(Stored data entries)
--
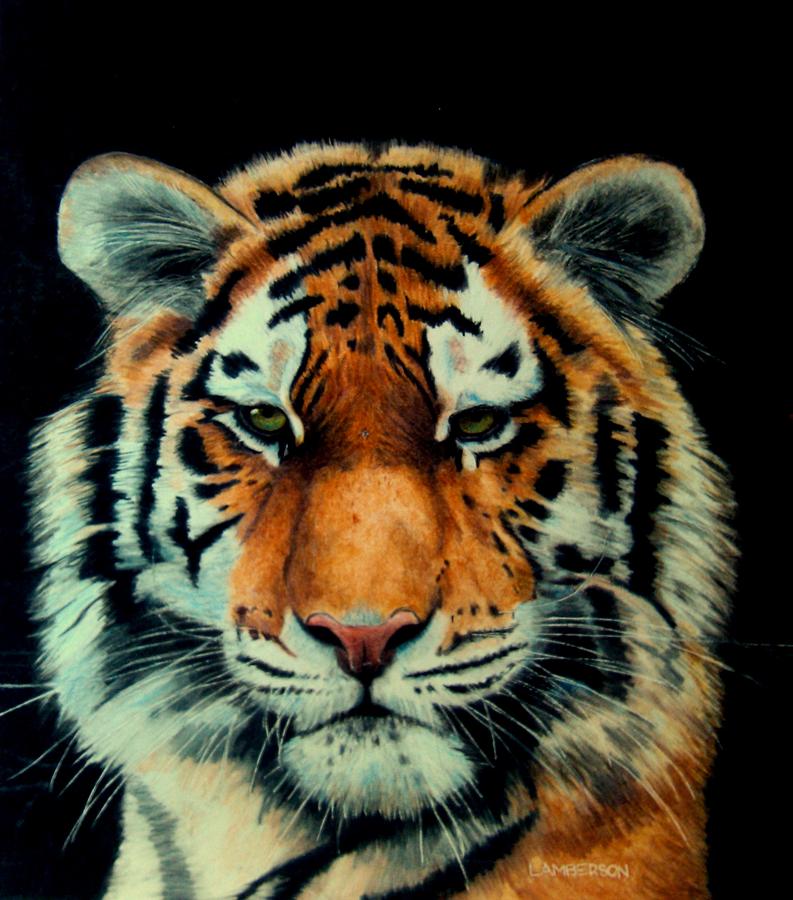 Lady Tiger Painting by Lori Lamberson - Fine Art America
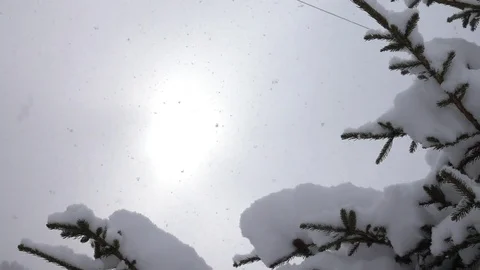 Let it snow Stock Footage 83119500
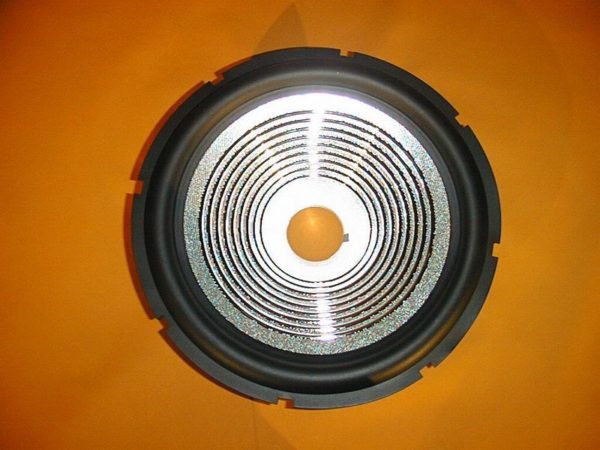 300 mm  Speaker cone  CR23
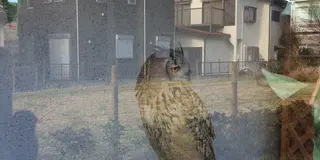 鷹の道を 散策してみました
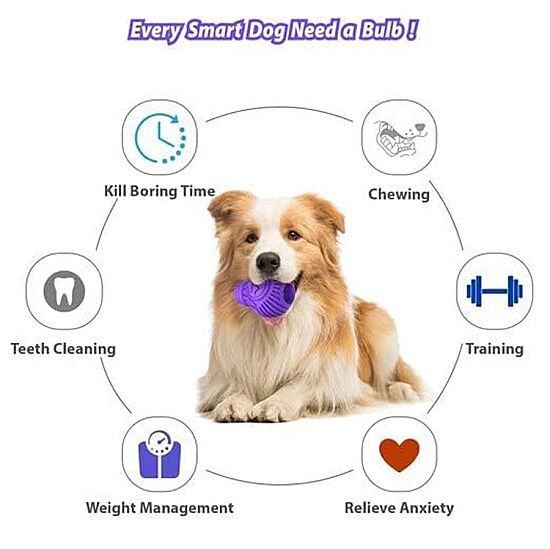Gigwi 8489 Ampul Şekilli Diş Kaşıma Ödül Hazneli Köpek Oyuncağı - 3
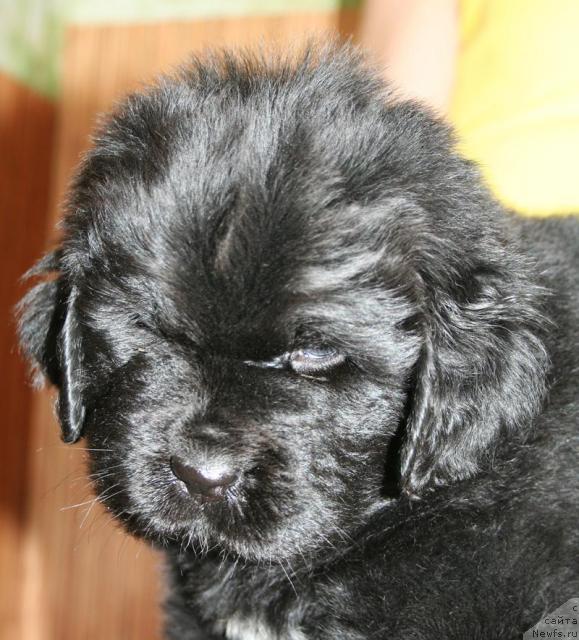 Фото: Бегущая по волнам Харизма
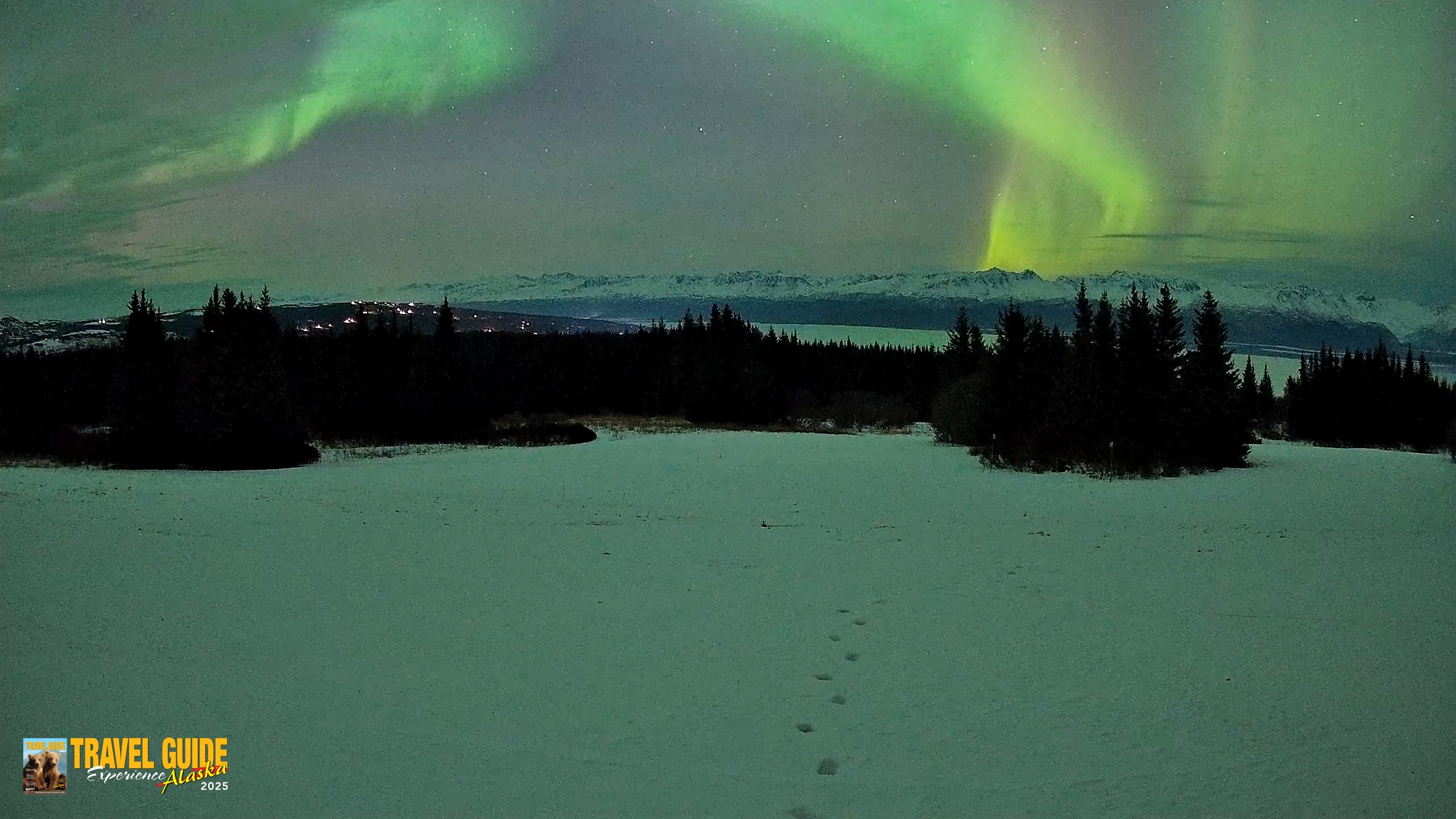 Snapshot of Homer Alaska Northern Lights Live Cam taken Jan 20, 2026, 10:28pm AKST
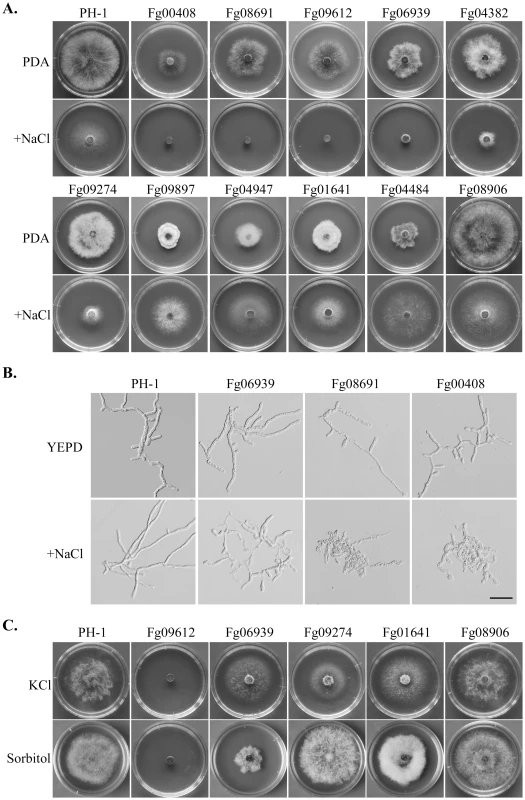 Mutants with altered sensitivity to hyperosmotic stress.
--
- **What the task requires**:
Restate the data above word for word, omitting every picture.

- **Task solution**:
 Lady Tiger Painting by Lori Lamberson - Fine Art America
 Let it snow Stock Footage 83119500
 300 mm  Speaker cone  CR23
 鷹の道を 散策してみました
Gigwi 8489 Ampul Şekilli Diş Kaşıma Ödül Hazneli Köpek Oyuncağı - 3
 Фото: Бегущая по волнам Харизма
 Snapshot of Homer Alaska Northern Lights Live Cam taken Jan 20, 2026, 10:28pm AKST
 Mutants with altered sensitivity to hyperosmotic stress.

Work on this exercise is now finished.